Exercise details: Each line from the one containing "DAIWA Electric Reel" through the last line of the records is to be repeated exactly, with all pictures left out.

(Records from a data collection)

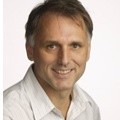 Gary Jeffery
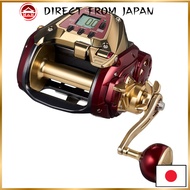 DAIWA Electric Reel 24 Seaborg G1200M - High Performance Fishing Gear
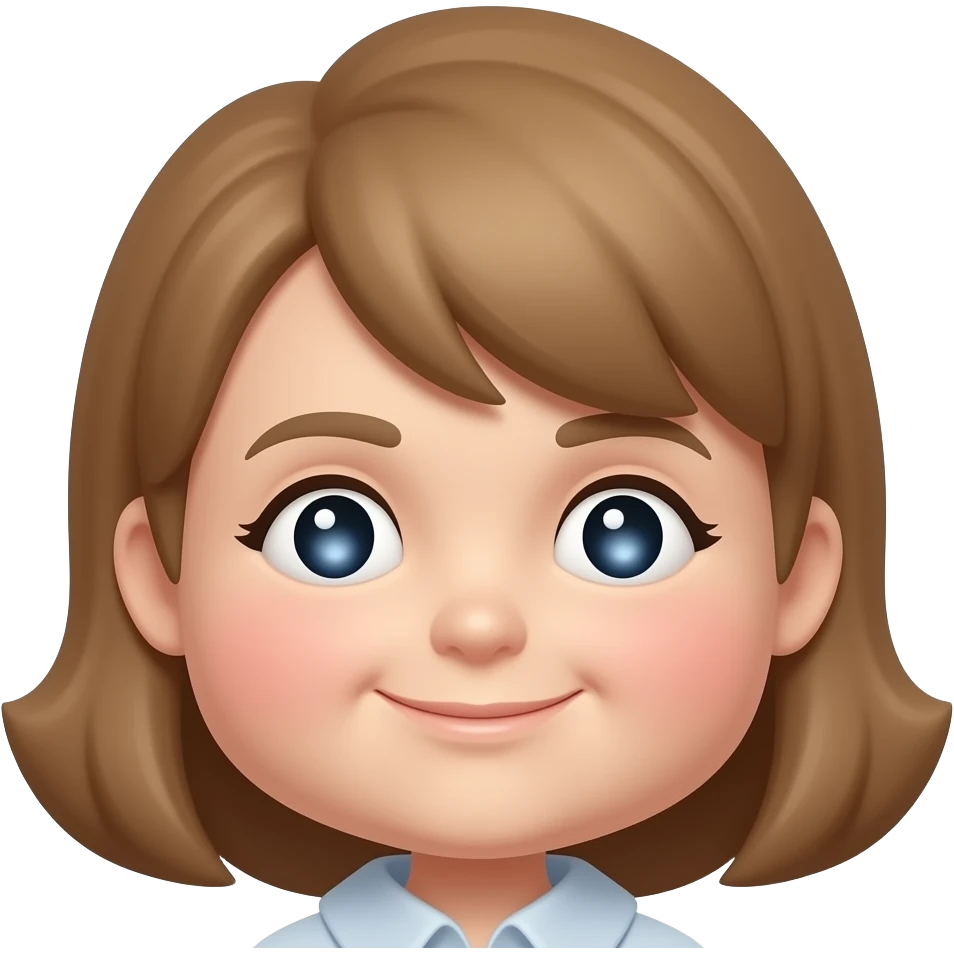 sin agregar nada como te lo envie emoji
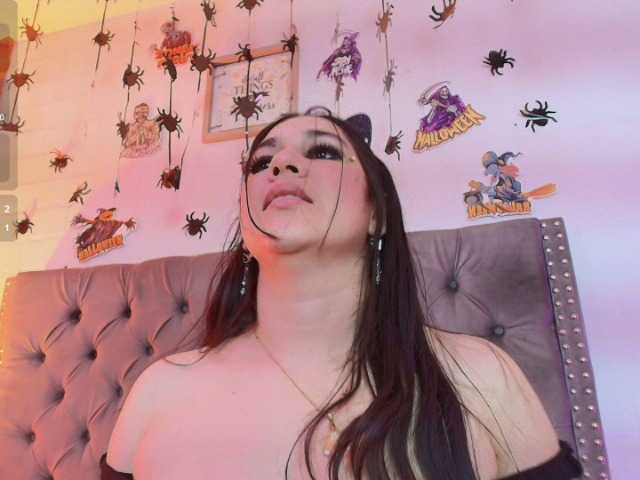 RossyMarks live cam on BongaCams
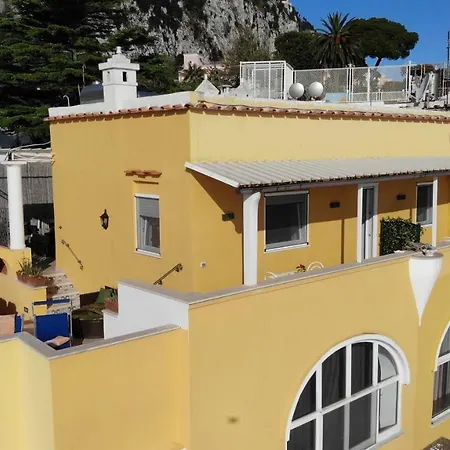 Punta Vivara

Reply:
 DAIWA Electric Reel 24 Seaborg G1200M - High Performance Fishing Gear
 sin agregar nada como te lo envie emoji
 RossyMarks live cam on BongaCams
 Punta Vivara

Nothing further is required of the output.